When he revealed last month that he still harboured a desire to play again for his country, senior officials at old Trafford were quick to brief the media that they would not allow it to happen.
Keane's hand in his dealings with the club may have strengthened over the past season with Ferguson's outside difficulties, the team's failure to achieve anything more than a place in the final of the FA Cup, a competition the team's skipper has dismissed as worthless, and the player's apparent belief in his own ability to deal with a heavier workload, albeit on a controlled basis.
Ferguson has shown more than once before, though, that he has a strong hold on the Irishman and Keane will have to openly defy the Scot if he is to play international football again. There are reports that he is willing to do so but another last-minute change of heart would still have the effect of denting Kerr's credibility at a time when there is already some disquiet within the camp.

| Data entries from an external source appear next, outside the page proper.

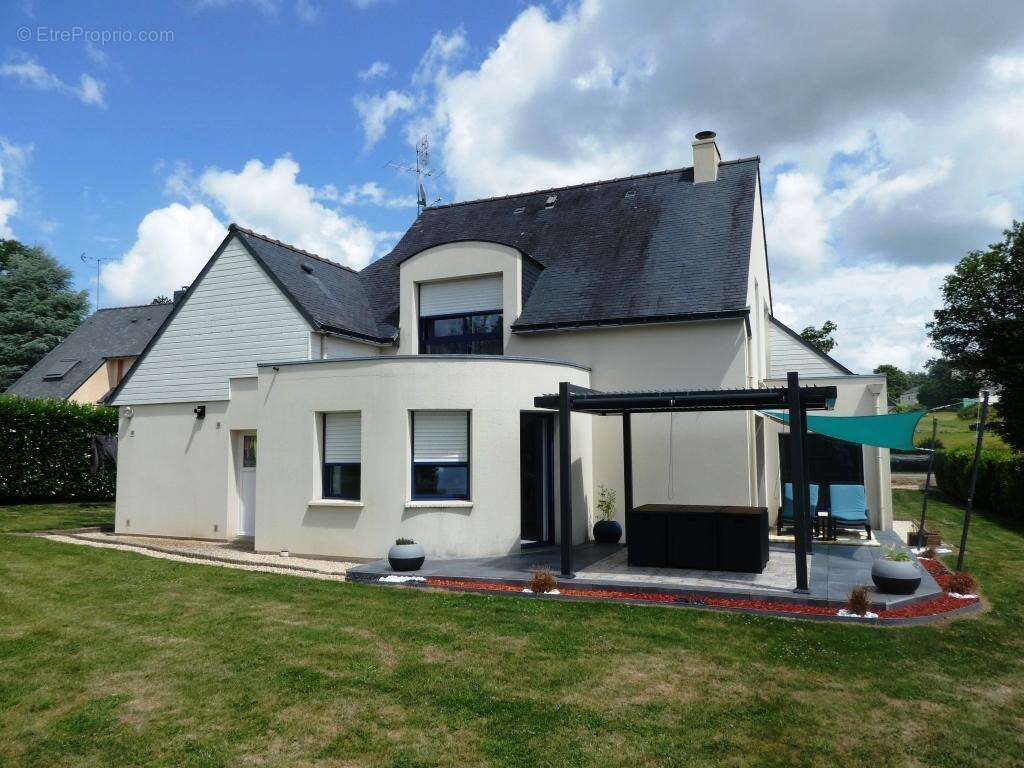 Maison à LOCMALO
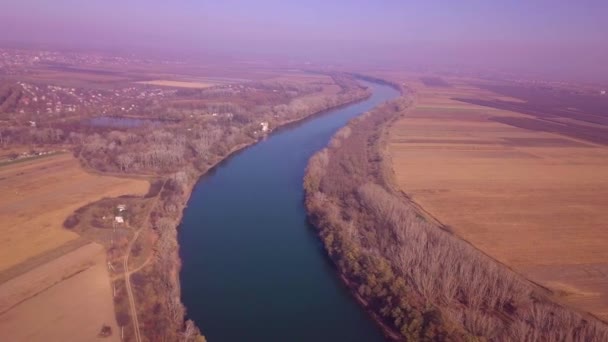 Vol Lent Drone Dessus Rivière Bleue Des Terres Agricoles Rivière — Video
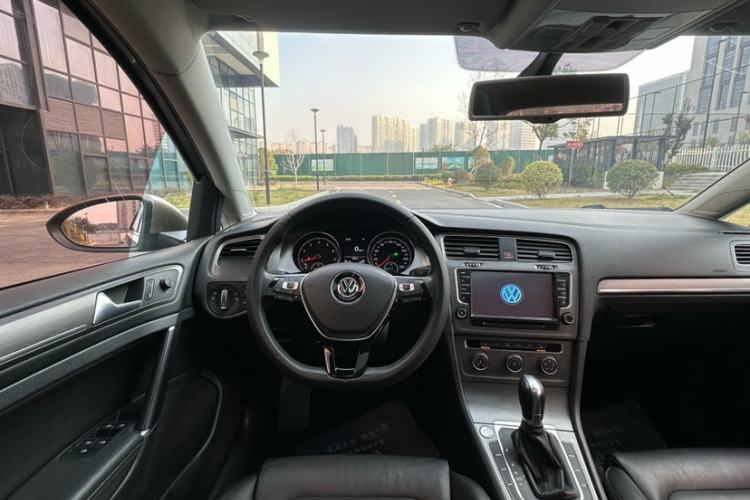 Used Volkswagen Golf 2016 230TSI Automatic Luxury Version
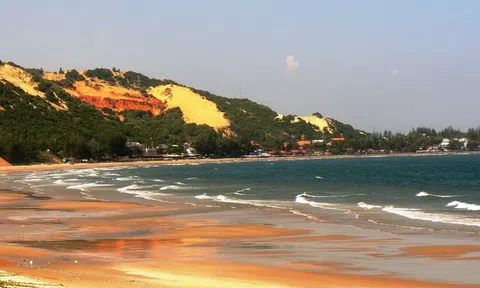 Bãi biển Việt Nam vừa được vinh danh "hàng đầu Đông Nam Á": Địa hình đặc biệt, rất ít khi có bão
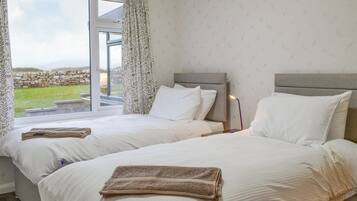3 bedrooms, WiFi (free), bed sheets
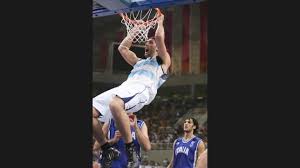 El partido de los chilenos v/s los alemanes, en los ultimos puntos del partido. La Generacion Dorada Cuando Las Estrellas De Baloncesto De Argentina Conquistaron Al Mundo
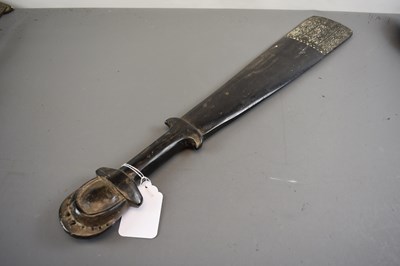 Lot 117 - TRIBAL ART: A MASSIM CLUB, TROBRIAND ISLANDS, PAPUA NEW GUINEA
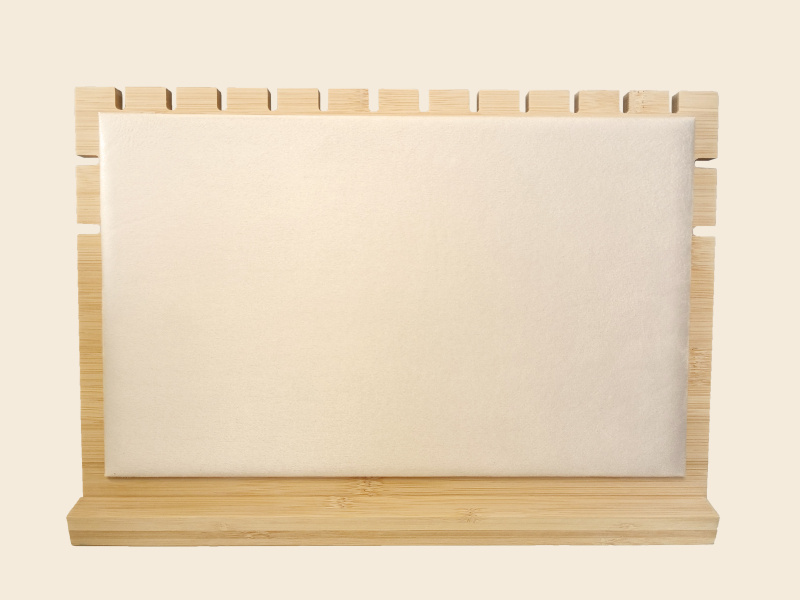 Grossiste Eclat Paris - Présentoir beige pour chaînes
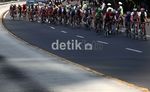 Atlet Sepeda Adu Kecepatan di Jakarta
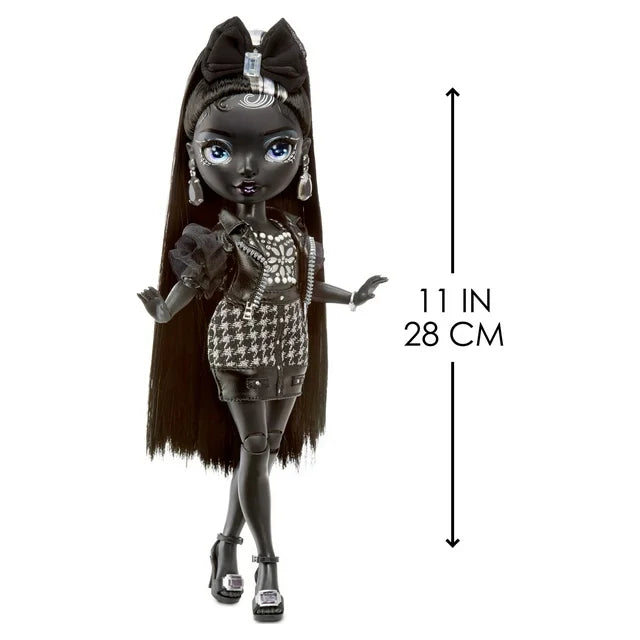 Shadow High Series 1 Shanelle Onyx- Grayscale Fashion Doll. 2 Black Designer Outfits to Mix & Match with Accessories, Great Gift for Kids 6-12 Years Old and Collectors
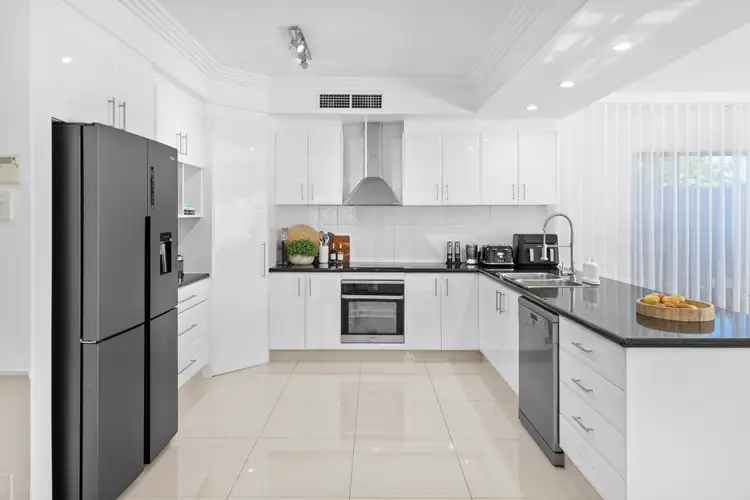 Sixth view of Homely house listing, 2546 Gracemere Circuit West, Hope Island QLD 4212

If Keane is brought back on board then Kerr's greatest test may well end up being his ability to maintain the fragile peace within the squad. The midfielder remains capable of making a hugely positive contribution on the pitch even if some other team members may be less willing these days to endure the wrath of a man who put his own pride above the group's collective fortunes at the 2002 World Cup finals. Off pitch, however, there are many ways - a further public swipe at the lack of ambition or professionalism he regularly perceives in others, some unannounced late arrival for a game or even a tantrum over a bus breaking down - in which the benefits of his return would bring might end up proving costly.
Kerr, of course, could ultimately suffer most if it all goes wrong and, though he is said to enjoy the respect of Keane, the Ireland boss won't need to be told that he owes his present position, in part at least, to the way in which the player undermined his predecessor.